De plus en plus de règlements européens et moins de directives qui doivent être transposées dans chaque pays. La montée en puissance de la normalisation bureaucratique.

De manière plus insidieuse et plus technique, pour se passer de la résistance de plus en plus forte des représentants nationaux et des peuples, la commission européenne dépose de moins en moins de directives et de plus en plus de règlements ! La différence : La directive approuvée par le conseil et le parlement doit être transposée dans le droit des États membres pour une application adaptée à chaque pays (ce qui laisse une certaine marge de manœuvre). Le règlement lui aussi approuvé par les instances européennes s’applique directement et de façon uniforme dans les 27 États. C’est le grand triomphe des normes et injonctions souvent bureaucratiques et souvent bien décalées du terrain. Dans tous les pays d’Europe les citoyens s’en plaignent mais cela ne fait que croître et embellir !

Ainsi dans la mandature du parlement européen qui s’achève le nombre de directives examinées a chuté par rapport à la précédente et le nombre de règlements a augmenté !

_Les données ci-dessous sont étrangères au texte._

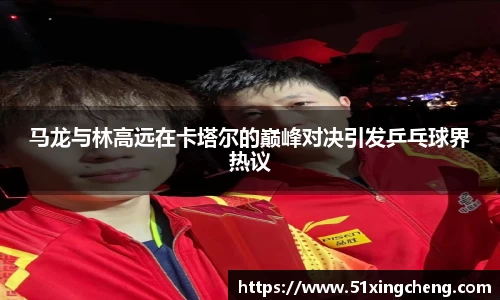 马龙与林高远在卡塔尔的巅峰对决引发乒乓球界热议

Il faut s’alarmer de l’offensive anti démocratique dans le monde où les régimes autoritaires s’imposent de plus en plus, vient en synchronisation avec un doute démocratique profond dans les pays développés et dans l’UE (taux d’abstention des couches populaires, de la jeunesse, sentiments de ne pas être écoutés ni entendus, fatalisme, discours sur il n’y a pas d’autres politiques possibles).  

 

Ne laissons plus faire, reprenons nos affaires en main en Europe et en France

Exigeons désormais que tous les traités européens (élargissement, libre échange, changement des règles et compétences) soient ratifiés en France par des référendums.